Michelle Bloom teaches comparative literature, film and French. She particularly enjoys offering courses on food and film; French cinema; world film; and Existentialism.
Professor Bloom’s current research in food studies continues to explore the interplay between the Francophone world and the Sinophone world, which she explored in her most recent book, Contemporary Sino-French Cinema: Absent Fathers, Banned Books, and Red Balloons (University of Hawai’i Press, 2015). Contemporary Sino-French Cinema examines the crossover between France, on the one hand, and East Asia (especially Mainland China and Taiwan), in film. Professor Bloom aims to go beyond the polarities of orientalism, instead considering contemporary cinema through the optics of métissage, translation, intertextuality and imitation. Related articles address Sino-French films by directors Dai Sijie, Hou Hsiao-hsien, Jia Zhangke, Emily Tang Xiaobai and Tsai Ming-liang.
Her first book, Waxworks: A Cultural Obsession (University of Minnesota, 2003) examines wax figures and wax museums and in literature, cinema, history and popular culture. Professor Bloom has also published on Truffaut and Henry James; Baudelaire and Wagner; Balzac and Champleury; Villiers and Zola.

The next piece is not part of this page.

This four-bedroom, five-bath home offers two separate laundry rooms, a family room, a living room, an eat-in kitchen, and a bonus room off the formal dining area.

At UCR, Professor Bloom serves as a Wellness Ambassador and LGBT ally. Outside of the classroom, she likes to bake (and eat!) madeleines and to travel to France as well as China/Taiwan/Hong Kong.
Contemporary Sino-French Cinemas: Absent Fathers, Banned Books, and Red Balloons
December 2015, University of Hawaii Press
Transnational cinemas are eclipsing national cinemas in the contemporary world, and Sino-French films exemplify this phenomenon through the cinematic coupling of the Sinophone and the Francophone, linking France not just with the Chinese mainland but also with the rest of the Chinese-speaking world. Sinophone directors most often reach out to French cinema by referencing and adapting it. They tend to view France as mysterious, sexy, and sophisticated, just as the French see China and Taiwan as exotic.

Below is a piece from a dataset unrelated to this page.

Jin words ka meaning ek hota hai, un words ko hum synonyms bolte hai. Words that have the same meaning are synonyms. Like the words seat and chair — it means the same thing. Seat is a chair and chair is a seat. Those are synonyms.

As Michelle E. Bloom makes clear, many films move past a simplistic opposition between East and West and beyond Orientalist and Occidentalist cross-cultural interplay. Bloom focuses on films that have appeared since 2000. She views the work of well-known directors such as Tsai Ming-liang, Hou Hsiao-hsien and Dai Sijie through a Sino-French optic, applying the tropes of métissage (or biraciality), intertextuality, adaptation and remake, translation, and imitation to shed new light on their work. She also calls attention to important, lesser studied films: Taiwanese director Cheng Yu-chieh’s Yang Yang, which depicts the up-and- coming Taiwanese star Sandrine Pinna as a mixed race beauty; and Emily Tang Xiaobai’s debut film Conjugation, which contrasts Paris and post-Tiananmen Square Beijing, the one an incarnation of liberty, the other a place of entrapment. Bloom’s insightful analysis also probes what such films reveal about their Taiwanese and Chinese creators.